▶ _EXERCISE_
Take from the entries below the stretch from the line with "정수기 안 써보신 분" through the line with "Junceira - Refugio", and return it exactly, leaving the pictures out.

▶ _INPUT MATERIAL_
== Segment start ==

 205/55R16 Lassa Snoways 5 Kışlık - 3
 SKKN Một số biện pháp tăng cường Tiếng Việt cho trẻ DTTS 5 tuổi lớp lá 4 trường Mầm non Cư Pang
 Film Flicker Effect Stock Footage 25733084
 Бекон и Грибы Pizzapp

== Segment end ==
== Segment start ==

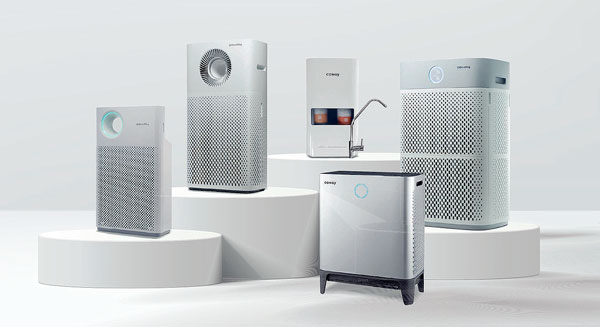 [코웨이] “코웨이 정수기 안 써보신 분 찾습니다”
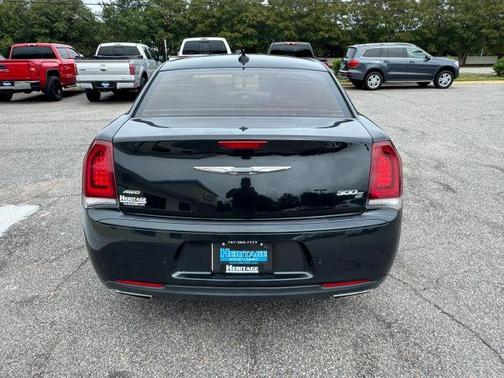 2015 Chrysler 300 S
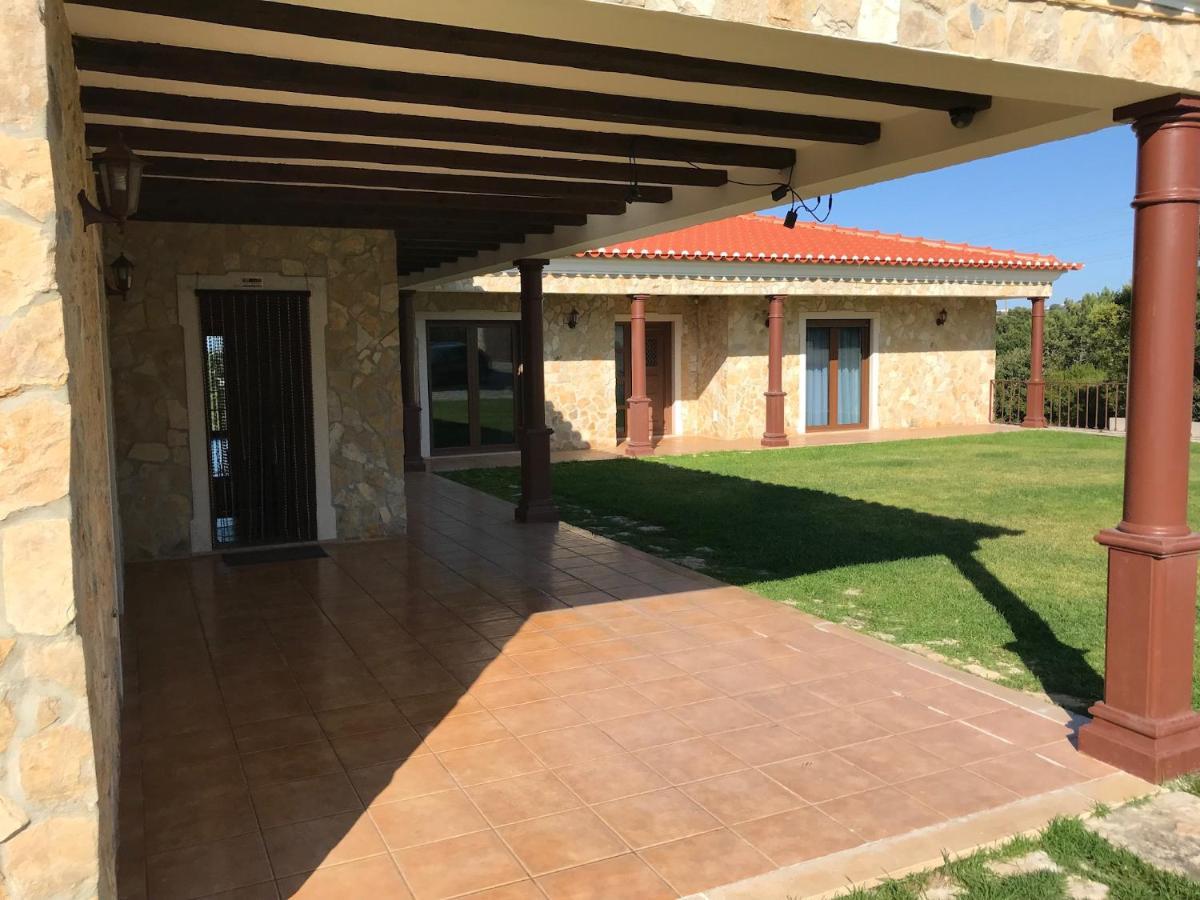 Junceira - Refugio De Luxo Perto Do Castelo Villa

== Segment end ==
== Segment start ==

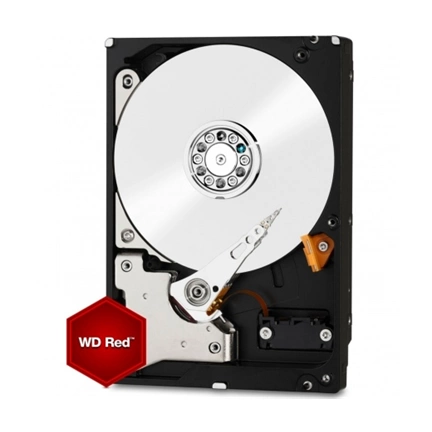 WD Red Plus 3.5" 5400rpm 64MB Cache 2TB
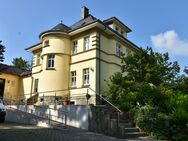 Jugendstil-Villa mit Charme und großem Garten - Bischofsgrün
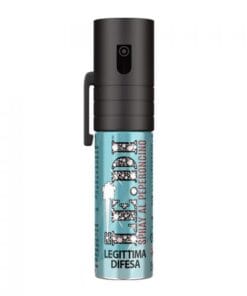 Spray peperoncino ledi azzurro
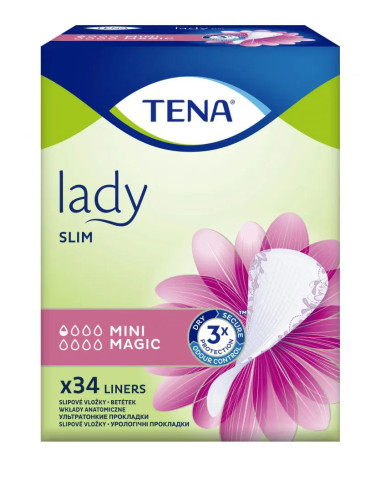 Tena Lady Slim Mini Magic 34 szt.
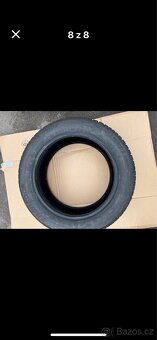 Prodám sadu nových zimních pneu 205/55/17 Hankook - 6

== Segment end ==

▶ _TASK SOLUTION_
 [코웨이] “코웨이 정수기 안 써보신 분 찾습니다”
 2015 Chrysler 300 S
 Junceira - Refugio De Luxo Perto Do Castelo Villa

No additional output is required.